**Work item:** Each line below must be set down exactly; omit any image you find.

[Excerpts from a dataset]
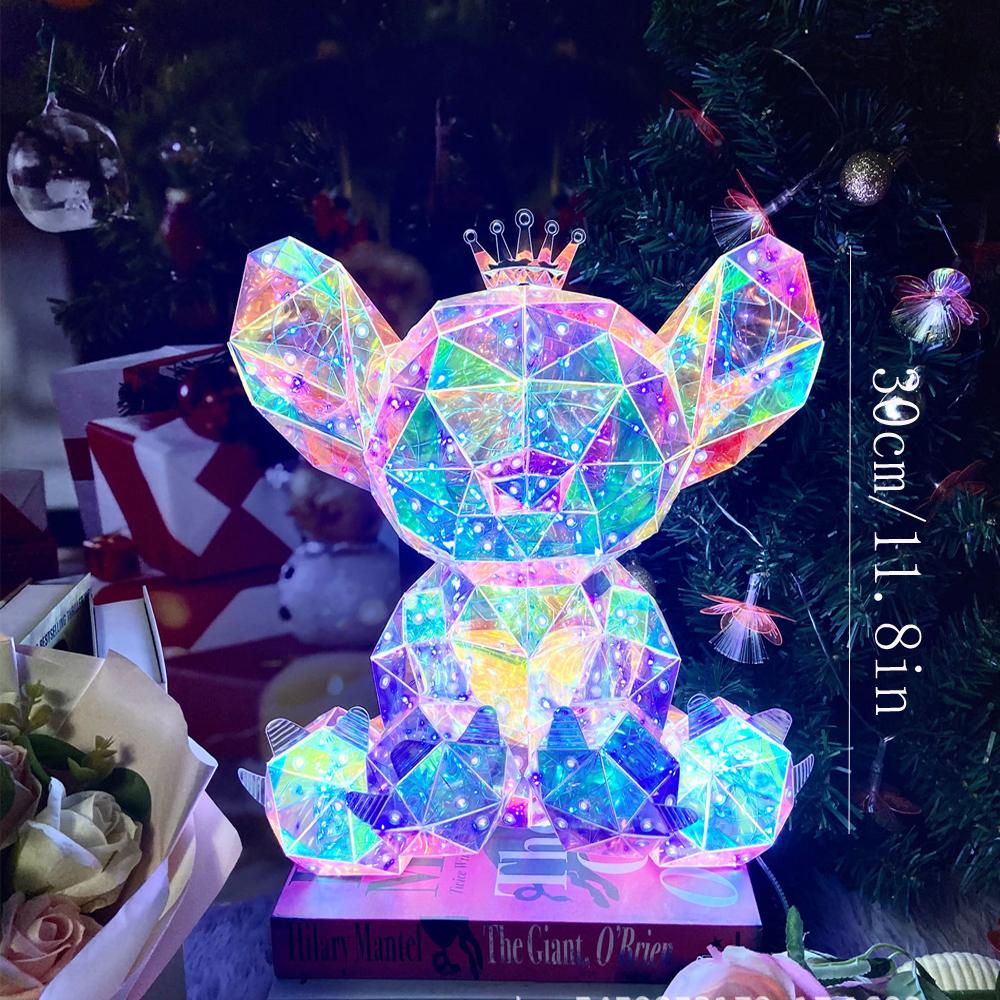 Large Prismatic Iridescent Love Bear With LED Lights, Colorful Glow Indoor Decorations for Girlfriend Valentine's Day Gift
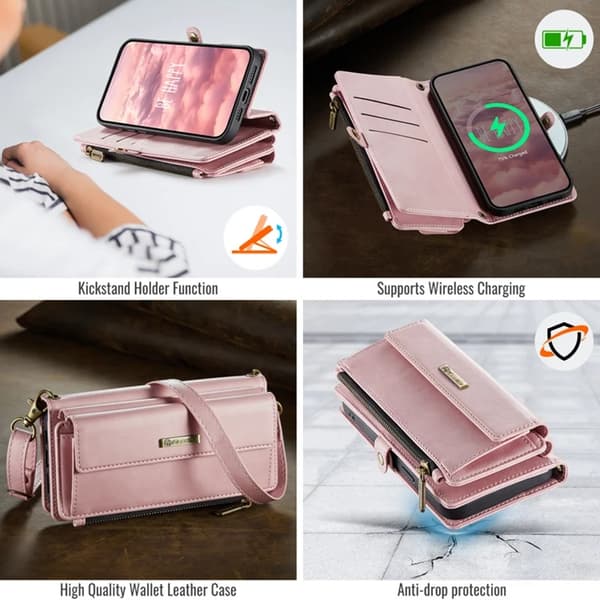 Caseme iPhone 15 Plus Plånboksfodral RFID Blocking Zipper - Rosa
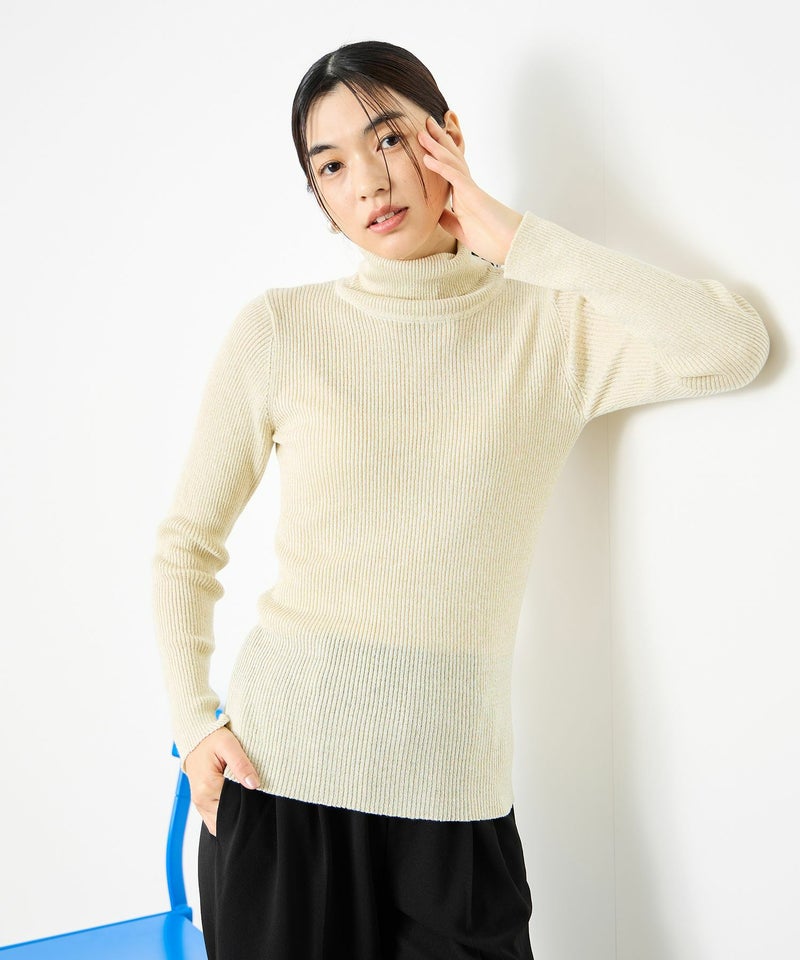 [期間限定knit]Idnes  ラメリブニット タートルネック レディース商品画像-2
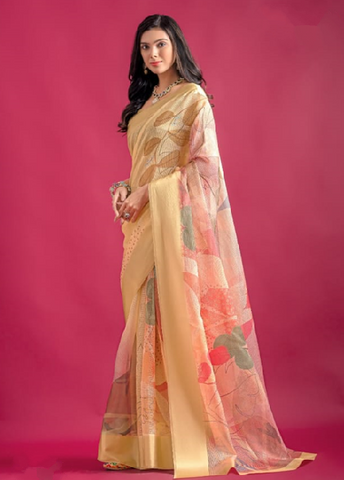 Yellow Premium Printed Pure Linen Saree with Elegant Floral Design – Lightweight Party Wear Indian Saree UK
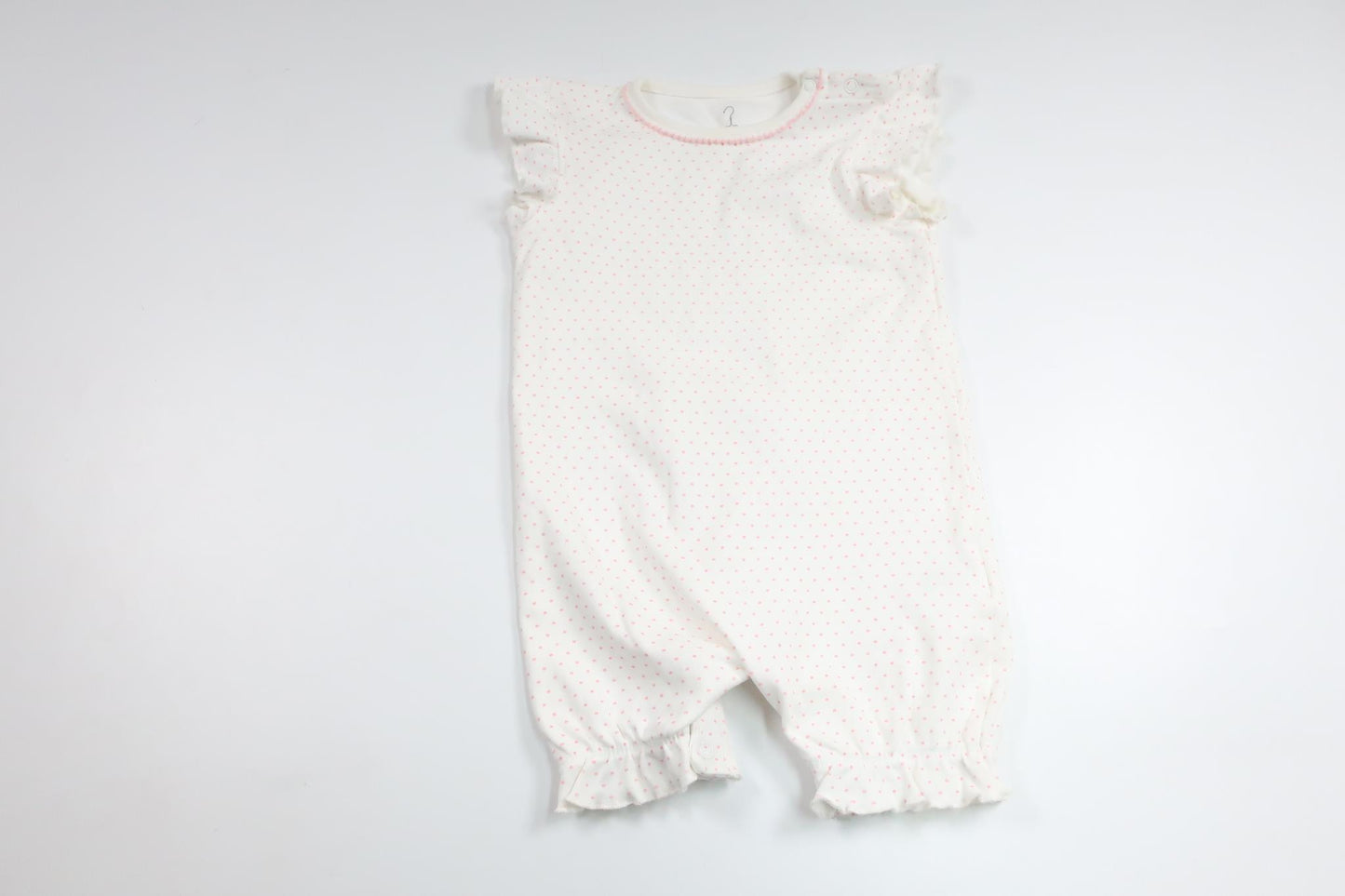 Prikket pyjamas fra Pytteliten - Størrelse 86 - Hvid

**Result for this exercise:**
 Large Prismatic Iridescent Love Bear With LED Lights, Colorful Glow Indoor Decorations for Girlfriend Valentine's Day Gift
 Caseme iPhone 15 Plus Plånboksfodral RFID Blocking Zipper - Rosa
 [期間限定knit]Idnes  ラメリブニット タートルネック レディース商品画像-2
 Yellow Premium Printed Pure Linen Saree with Elegant Floral Design – Lightweight Party Wear Indian Saree UK
 Prikket pyjamas fra Pytteliten - Størrelse 86 - Hvid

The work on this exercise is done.